The so-called Consumer and Small Business Protection Act (CSPA) would amend Section 349 of New York’s General Business Law, resulting in a vast expansion of legal liability for businesses operating in the Empire State.
Here are several provisions that could be problematic for businesses:
Expanded Prohibition on any “Unfair” or “Abusive” Acts
The CSPA would revise Section 349 of New York’s General Business Law, which currently prohibits only deceptive acts and practices, to prohibit “unfair, deceptive, or abusive” acts or practices. The proposed definitions of “unfair” and “abusive” acts are intentionally broad — the legislative findings state that the intent is to cover those “unscrupulous business practices” that are not deceptive but are otherwise unfair and abusive.
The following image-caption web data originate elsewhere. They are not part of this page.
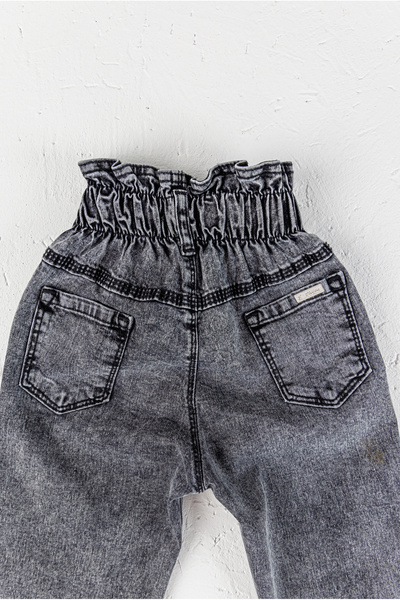 Babymod Yüksek Bel Kız Çocuk Kot Pantolon Çocuk Jean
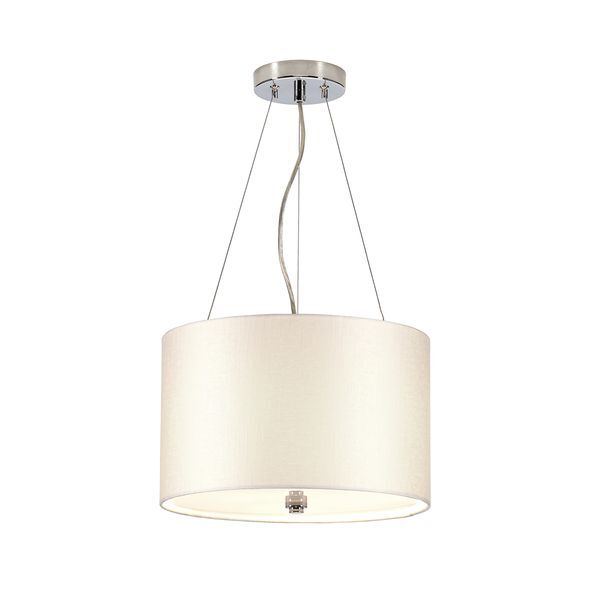 ELSTEAD PEARCE 14" ПЕНДЕЛ WITH POLISHED CHROME CEILING PAN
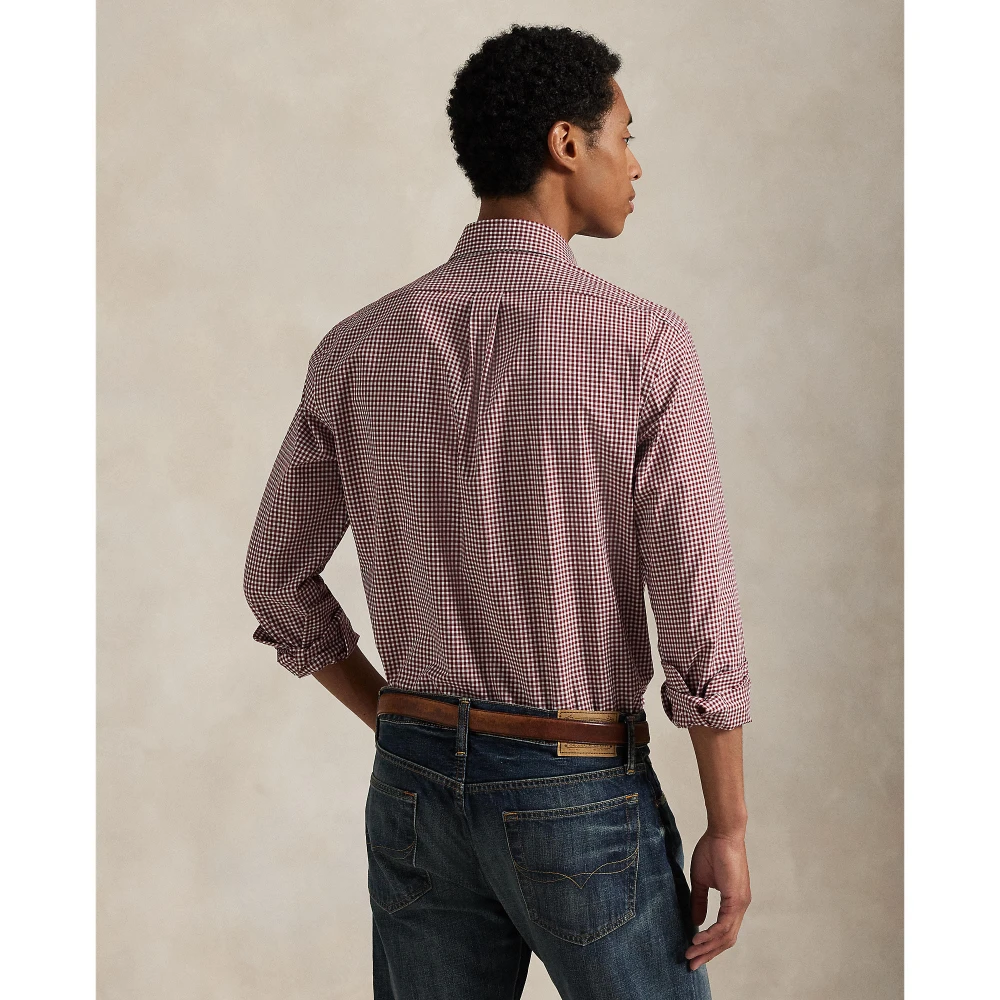 Πουκάμισο Custom Fit Gingham από ελαστική ποπλίνα Polo Ralph Lauren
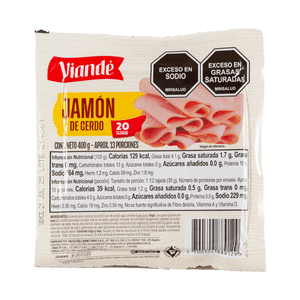 Jamón de Cerdo Viandé 400 Grs
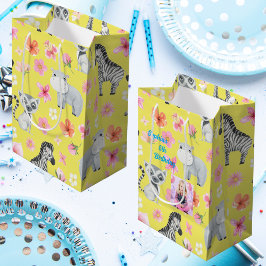 Sacola Para Presentes Média Bebês Tropicais Dão Saco para Crianças Aniversário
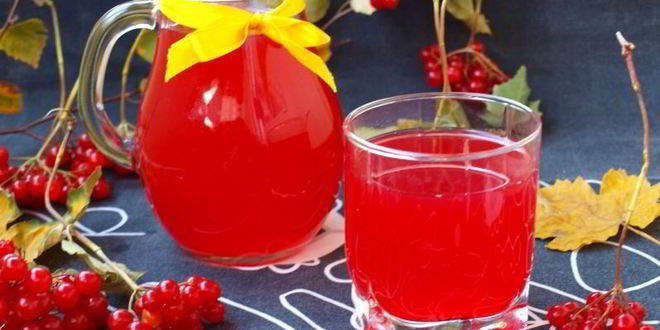 Рецепт морса из калины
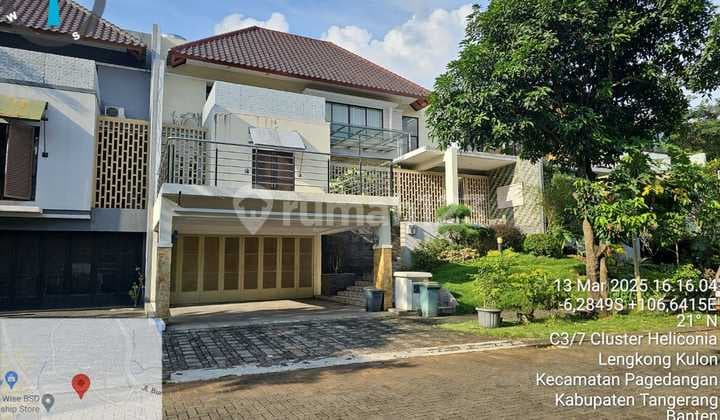 Rumah Premium Bsd City Cluster Elite De Park, Lelang Cash Only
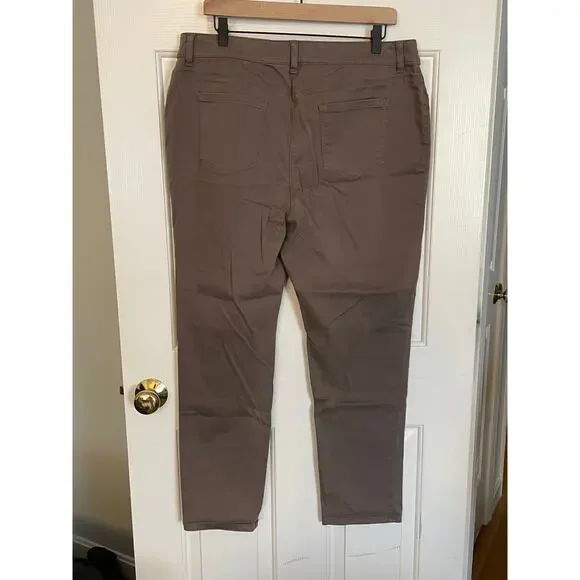 Chico's Womens Pants Size 2.5 (L/14) Stretch Cotton Rayon Spandex Brown - Picture 2 of 9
This means that despite having accurate representations to consumers, businesses may still face risk based on how they otherwise engage with the consumer. For example, businesses that engage in actions that “take unreasonable advantage” of a person’s lack of understanding of the risks, costs, or conditions of a product or service or of a person’s inability to protect their interests in using a product or service could be at risk of an enforcement action and/or litigation.
Nonprofit Suits Based on Test Purchases
The CSPA would allow third parties and organizations with the power to bring a class action suit on behalf of others similarly situated to bring suit. Significantly, a nonprofit organization could bring a test suit on behalf of the general public if it purchases or receives goods or services in order to evaluate their “qualities pertaining to use for personal, household, or family purposes.” Businesses could expect to face an uptick in lawsuits prompted by these test purchases, which, unlike consumer-complaint-driven lawsuits, may develop without any canary in the coal mine-type warnings.
Business Disputes Without Consumer Impact Would Face Exposure
Currently, only business activities that are consumer-oriented or have a public impact are exposed to risk under Section 349. If these new bills are enacted into law, they will extend liability to cover business disputes with no consumer impact, expanding the scope of the legislation beyond violations that involve a sale of a good, service, or property for personal, family, or household purposes.
Private Plaintiffs Incentivized With Increased Damages, Attorneys’ Fees
In an effort to further deter unlawful behavior, the new legislation will allow private plaintiffs to seek statutory damages of $1,000 per violation, as well as actual damages, and mandate an award of attorneys’ fees to prevailing plaintiffs. It will also authorize class action suits.
Should the bills pass, they will almost certainly spark a flurry of litigation given the expanded liability they create, the increased number of plaintiffs and defendants who will be subject to the proposed legislation, and the greater incentive offered by the enhanced remedies.
The legislation is found in Senate Bill 795 (Comrie) and Assembly Bill 7138 (Weinstein). Both bills were in committee when the legislature adjourned earlier this month. The Assembly has reconvened, and the Senate is expected to reconvene this summer. If the bills are not enacted this summer, they will be deferred to the next legislative session, set to begin in January 2024.